2017-12-18 23:35:01.950
- Check the crsd log of testdb01 – Indicates that local and master information of OCR configuration does not match
[root@testdb01 crsd]# vi /u01/app/11.2.0/grid/log/testdb01/crsd/crsd.log
[ OCRMAS][2876611472]th_calc_av:5′: Rturn persisted AV [186646784] [11.2.0.1.0]
2017-12-18 23:35:13.931: [ OCRSRV][2876611472]th_not_master_change: Master change callback not registered
2017-12-18 23:35:13.931: [ OCRMAS][2876611472]th_master:91: Comparing device hash ids between local and master failed
2017-12-18 23:35:13.931: [ OCRMAS][2876611472]th_master:91 Local dev (1862408427, 1028247821, 0, 0, 0)
2017-12-18 23:35:13.931: [ OCRMAS][2876611472]th_master:91 Master dev (1862408427, 1897369836, 0, 0, 0)

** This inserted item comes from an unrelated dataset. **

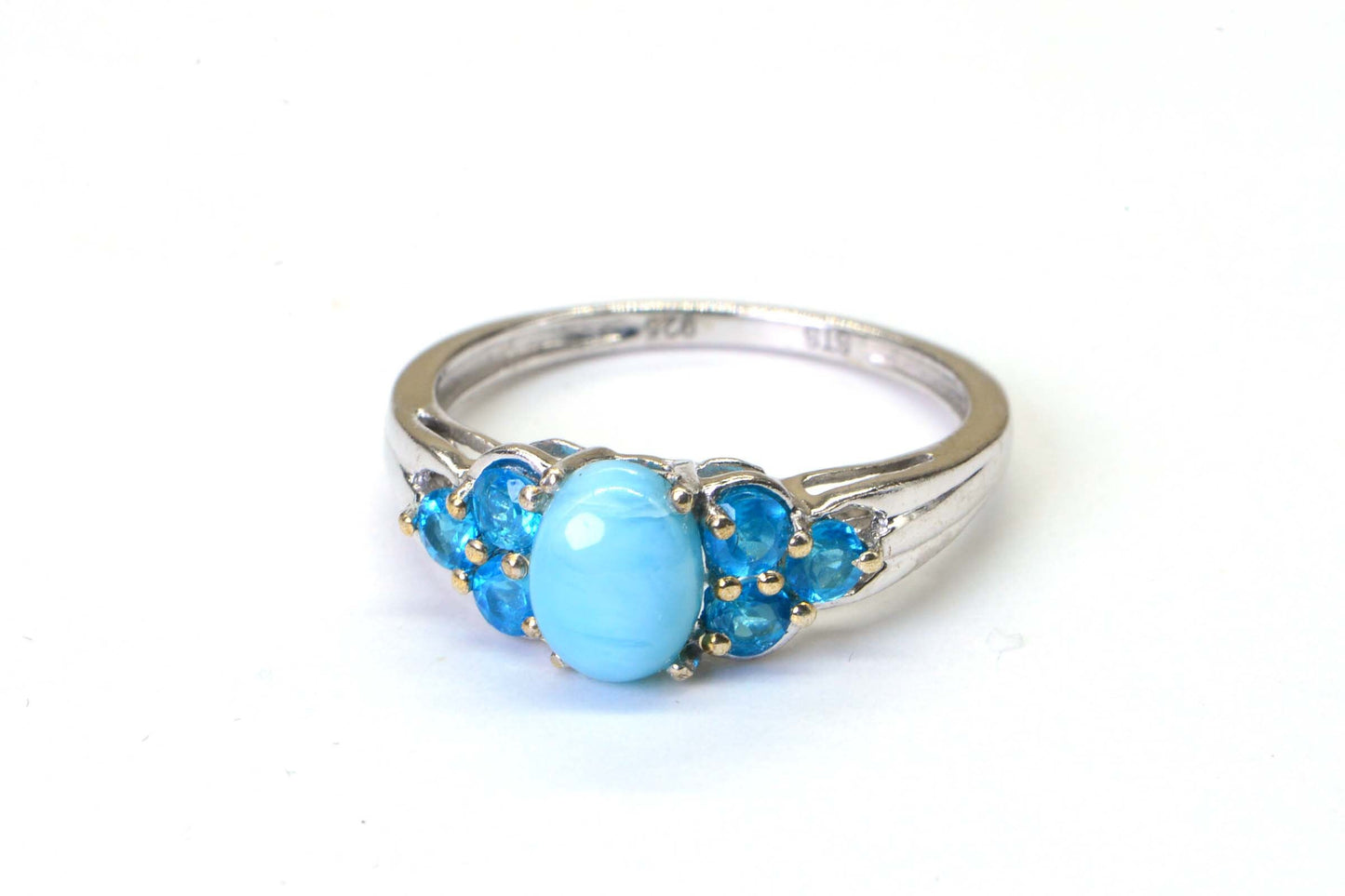 Larimar & Apatite Sterling Silver Ring, Size 6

2017-12-18 23:35:13.931: [ OCRMAS][2876611472]th_master:9: Shutdown CacheLocal. my hash ids don’t match
– Repair OCR configuration on testdb01
[root@testdb01 crsd]# ocrconfig -repair -add +FRA
- Check that new OCR location is added in /etc/oracle/ocr.loc on node testdb01
[root@testdb01 crsd]# cat /etc/oracle/ocr.loc
#Device/file getting replaced by device +FRA
ocrconfig_loc=+DATA
ocrmirrorconfig_loc=+FRA
– Shutdown and restart cluster on testdb01
[root@testdb01 crsd]# crsctl stop crs -f
[root@testdb01 crsd]# crsctl start crs
[root@testdb01 crsd]# crsctl start cluster
– Check that crsd is started on testdb03
[root@testdb01 testdb01]# tailf /u01/app/11.2.0/grid/log/testdb01/ alerttestdb01.log
[crsd(7297)]CRS-1012:The OCR service started on node testdb01.
2017-12-18 23:46:07.609
[crsd(7297)]CRS-1201:CRSD started on node testdb01.